Ce n’est pas vraiment un sourire moqueur, enfin ça dépend, avec Christian on se dit que les Milans ils rigolent bien de nous, à nous siffler comme ça, nous on accourt comme on peut, humains empêtrés dans nos intentions certes louables toujours un peu aveuglés par la lumière dans le ciel on est là armés de nos appareils et on essaye de capter l’intensité de leur regard, on le sait qu’ils nous regardent intensément parce qu’on le sent, impossible de ne pas se sentir passé.e aux rayons x quand un oiseau vous fixe, même un quart de seconde. Et nous on rigole de nous. C’est pas mal.
Les buses c’est bien plus doux. Christian dit C’est quand même moins gracieux que le vol des milans ! Oui mais les milans ces coquins ils viennent vous frôler ils vous offrent un spectacle incroyable tant que vous ne les fixez pas avec l’objectif. Après je sais pas, sans doute leur pudeur les empêche de réitérer. De vrais princes. Ou alors ils disent C’est un spectacle qui se regarde mais qui ne se possède pas en photo. Ou alors c’est un jeu de dextérité. Ou les deux. Allez savoir.

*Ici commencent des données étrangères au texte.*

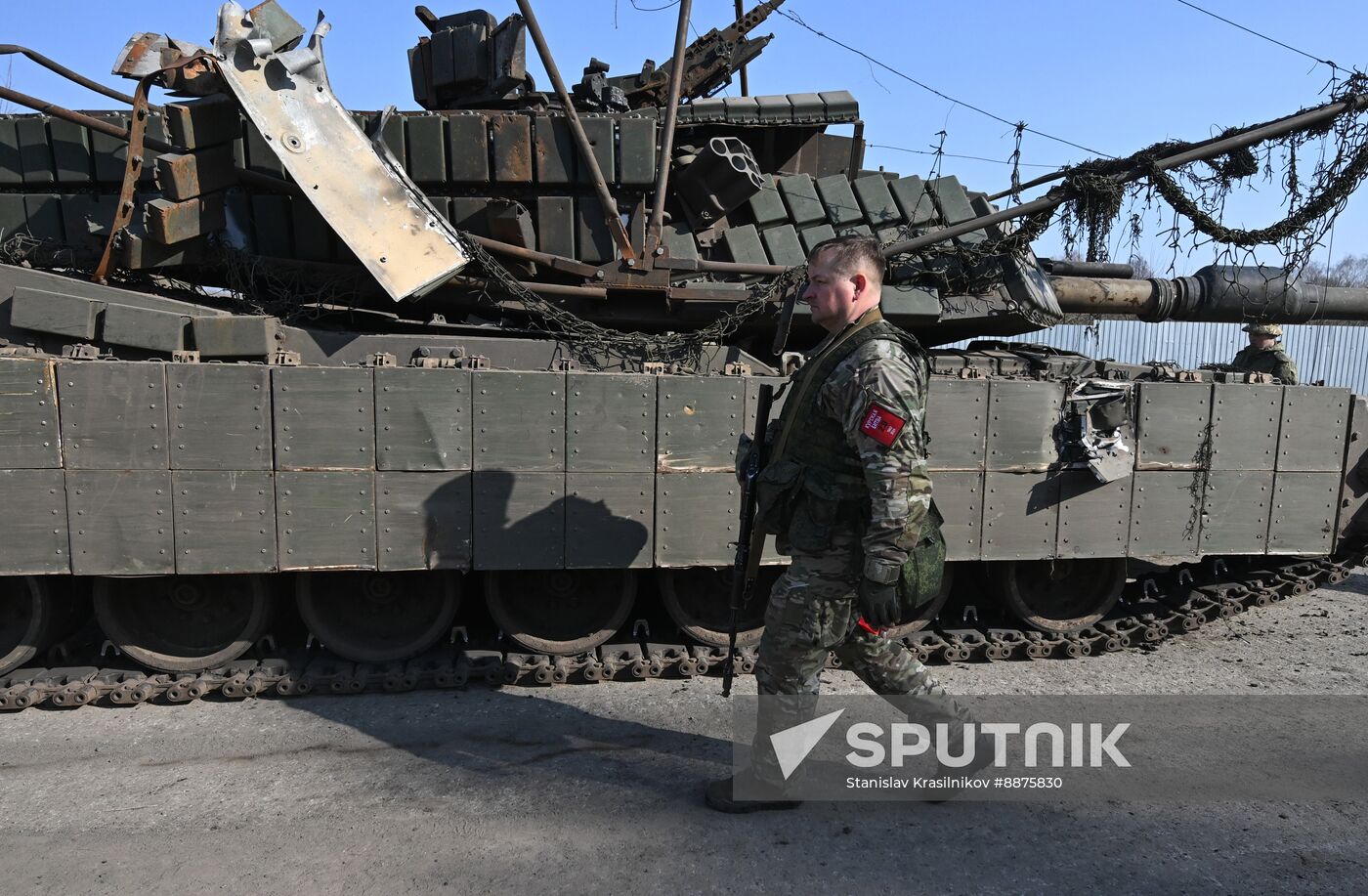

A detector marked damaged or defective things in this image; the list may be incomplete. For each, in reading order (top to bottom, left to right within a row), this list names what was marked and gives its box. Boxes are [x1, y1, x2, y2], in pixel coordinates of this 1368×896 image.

damaged m1 abrams tank [2, 0, 1368, 707]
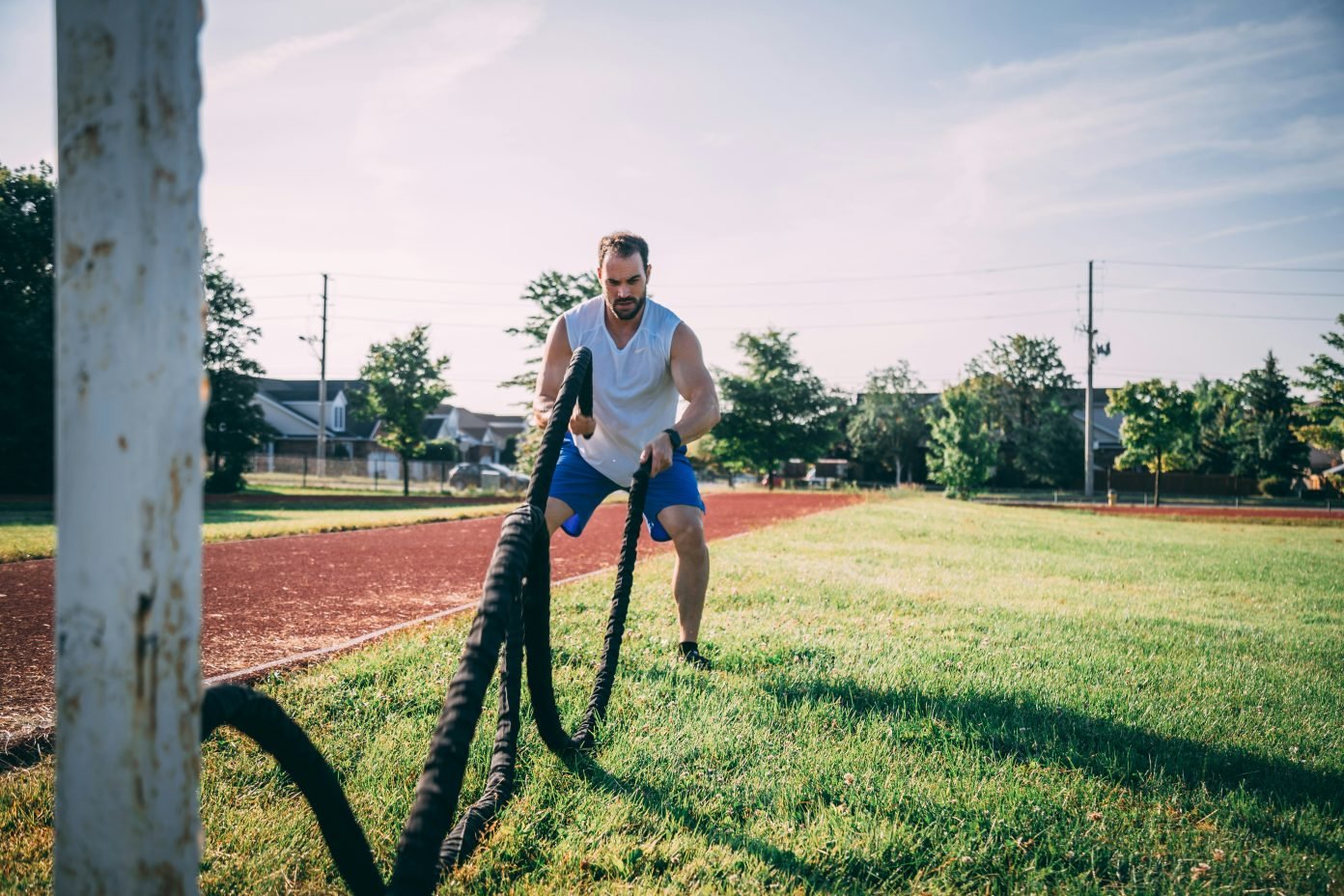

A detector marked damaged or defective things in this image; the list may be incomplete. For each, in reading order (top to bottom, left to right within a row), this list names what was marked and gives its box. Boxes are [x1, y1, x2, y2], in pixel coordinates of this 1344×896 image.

rusted paint on pole [55, 3, 204, 891]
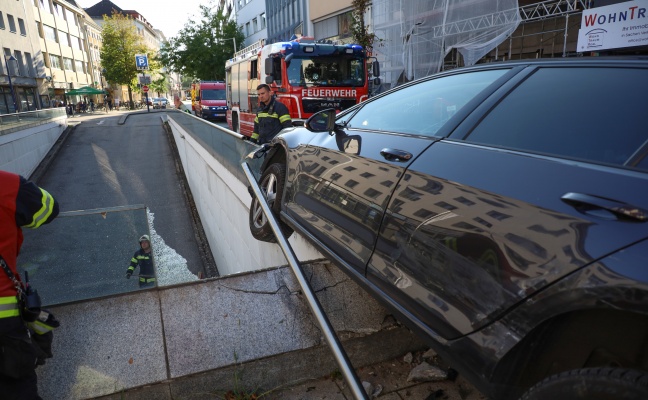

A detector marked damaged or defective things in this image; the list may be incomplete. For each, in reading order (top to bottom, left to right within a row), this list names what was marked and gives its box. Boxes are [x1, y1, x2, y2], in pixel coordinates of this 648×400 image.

crashed car [247, 57, 648, 400]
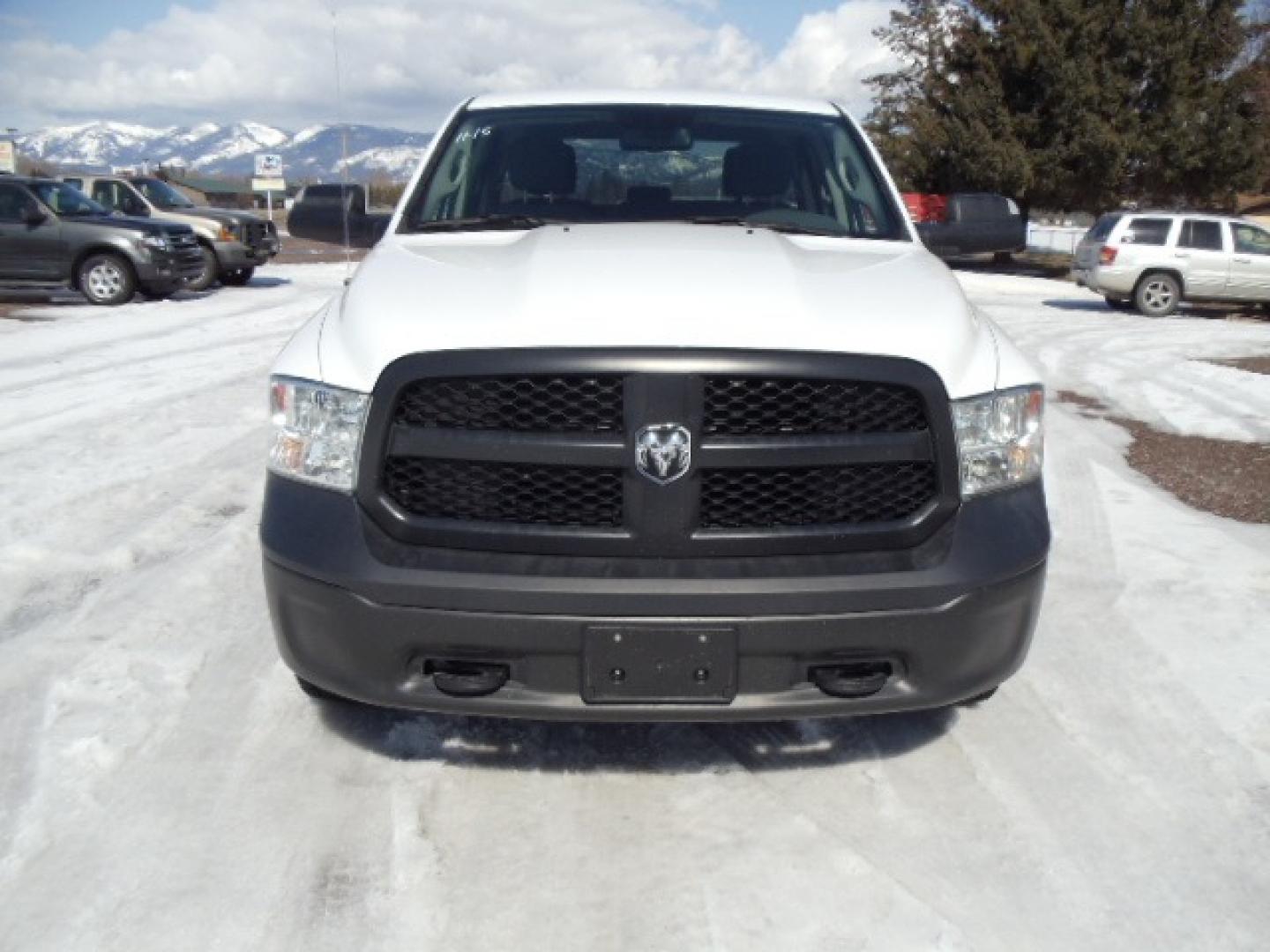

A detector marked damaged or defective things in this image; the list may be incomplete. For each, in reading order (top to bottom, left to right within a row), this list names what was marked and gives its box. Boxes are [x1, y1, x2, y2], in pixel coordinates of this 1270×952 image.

missing license plate [582, 628, 741, 702]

Peut-être les buses sont-elles plus douces parce qu’elles savent bien qu’on les trouve insignifiantes, moins tape-à-l’oeil, bien moins bling-bling, impertinentes, exubérantes, qu’on préfère dire juste Ah tiens une buse, et que dans ces cas-là, tant pis, il ne reste que la douceur patiente pour exister ? Plus j’y pense plus je me dis La douceur, ça change le monde. Dommage qu’on ne la célèbre pas assez. Qu’on ne la comprend pas. Qu’on ne veuille même pas l’entendre. Ah c’est sûr, pour ça il faut du calme. Et du calme ça ne s’achète pas.

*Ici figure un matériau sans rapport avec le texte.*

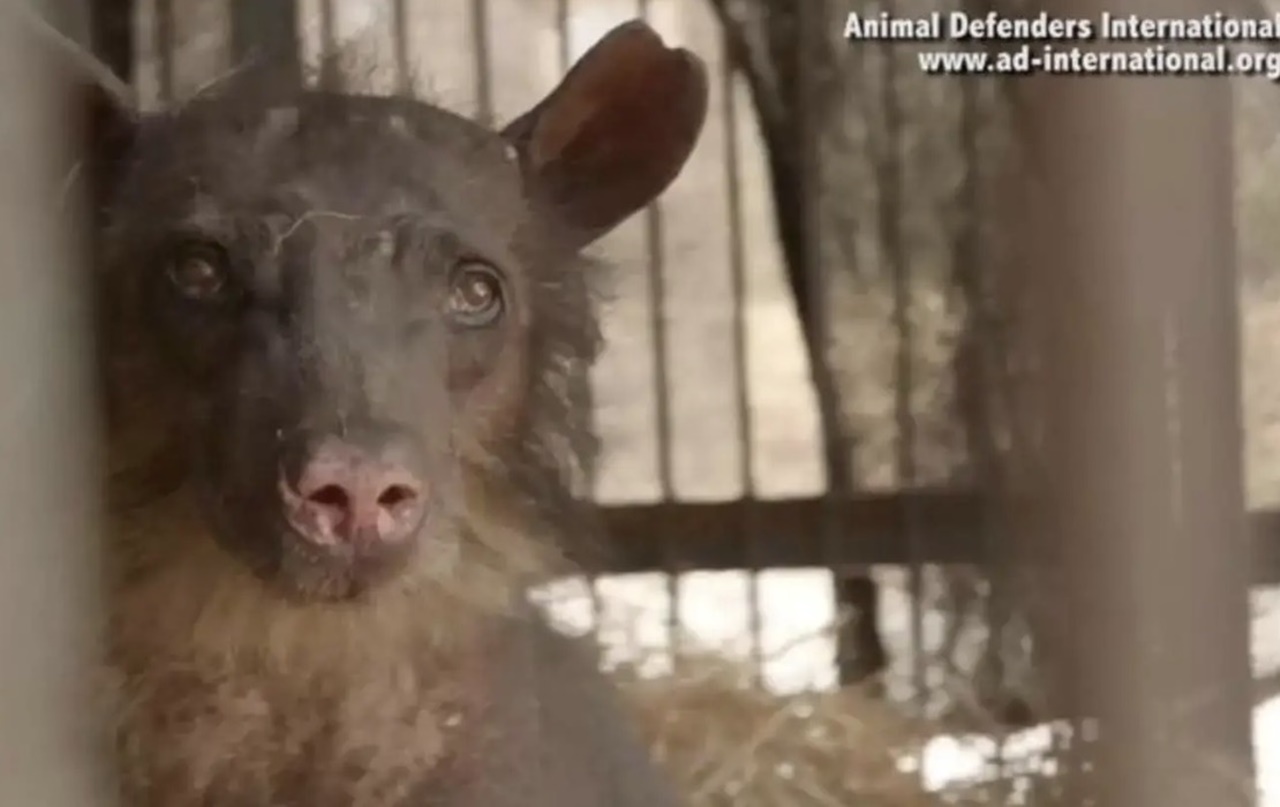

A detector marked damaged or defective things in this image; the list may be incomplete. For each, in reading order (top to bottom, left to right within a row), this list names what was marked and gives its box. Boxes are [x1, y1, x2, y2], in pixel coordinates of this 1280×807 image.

rusty metal bar [0, 3, 110, 804]
rusty metal bar [468, 0, 491, 126]
rusty metal bar [721, 25, 757, 681]
rusty metal bar [1024, 0, 1254, 804]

En attendant là clairement c’était une buse qui voulait se faire tirer le portrait, elle avait vraiment envie je crois, j’ai un peu hésité parce qu’un milan avait décollé plus bas ; elle volait avec une patience impériale juste au-dessus de Gous qui surveille les horizons herbeux et moi qui fixe un peu dans le vide sans voir quoique ce soit réellement le ciel la limite entre les crêtes et la couleur du ciel à ce moment Il va faire orage là Ouh ouh Quand est-ce que tu sors de tes songes ma petite Je suis là au-dessus de toi et je voudrais bien une photo Regarde comme je suis patiente à tourner retourner re-retourner pour que tu aies le temps de me voir faire, de préparer ton cadre et de me suivre au vol depuis ton sol. Voilà ton portrait madame / monsieur Buse. Merci pour la leçon. Je t’offre aussi un haïku. Quand je serai grande je t’offrirai des décors à la Vincent Munier, mais en attendant j’ai du chemin à faire des rêves à explorer des choses à écrire et ce gris bleuté du ciel te sied comme il faut, je trouve.
C’est chouette de réapprendre la photo avec les oiseaux. Je vous raconterai les portraits Corbeau aussi, c’est vraiment sympa.